To do: Leaving out the images, return the data below exactly as it is written.

Short text fragments from websites:
┌──
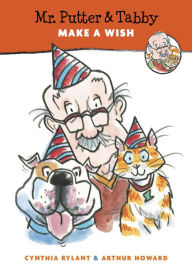 Title: Mr. Putter and Tabby Make a Wish, Author: Cynthia Rylant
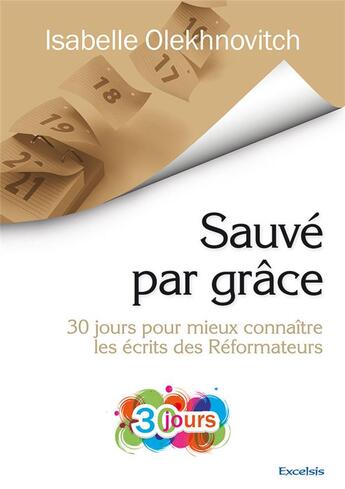 Couverture du livre « Sauvé par grâce ; 30 jours pour mieux connaître les écrits des Réformateurs » de Isabelle Olekhnovitch aux éditions Excelsis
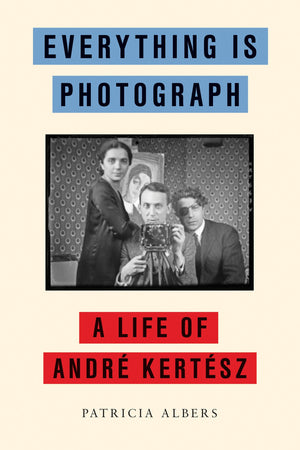 Everything Is Photograph: A Life Of Andr Kertsz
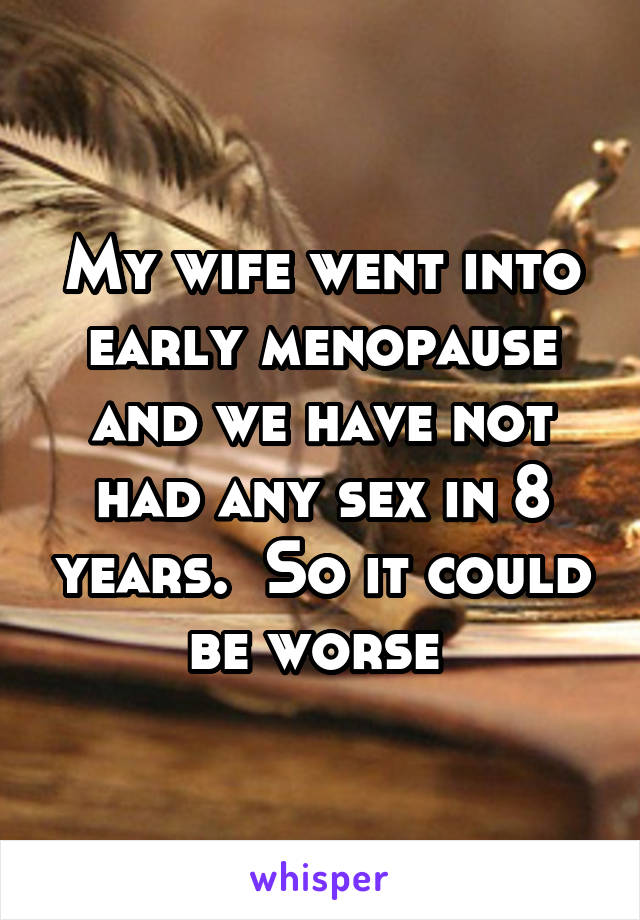 My wife went into early menopause and we have not had any sex in 8 years.  So it could be worse 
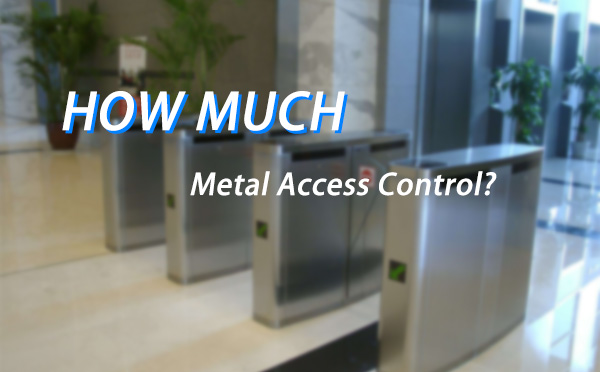 How much is metal access control How much is metal access control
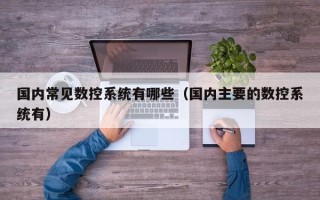 国内常见数控系统有哪些（国内主要的数控系统有）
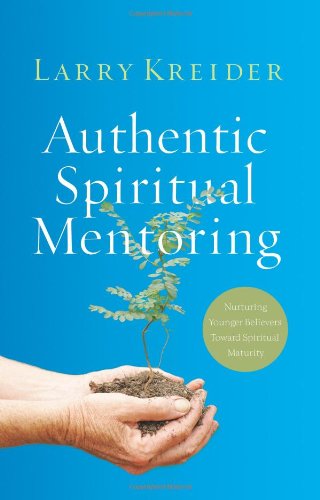 Authentic Spiritual Mentoring: Nurturing Younger Believers Toward Sprirtual Maturity by Larry Kreider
└──
Written response:
 Title: Mr. Putter and Tabby Make a Wish, Author: Cynthia Rylant
 Couverture du livre « Sauvé par grâce ; 30 jours pour mieux connaître les écrits des Réformateurs » de Isabelle Olekhnovitch aux éditions Excelsis
 Everything Is Photograph: A Life Of Andr Kertsz
 My wife went into early menopause and we have not had any sex in 8 years.  So it could be worse 
 How much is metal access control How much is metal access control
 国内常见数控系统有哪些（国内主要的数控系统有）
 Authentic Spiritual Mentoring: Nurturing Younger Believers Toward Sprirtual Maturity by Larry Kreider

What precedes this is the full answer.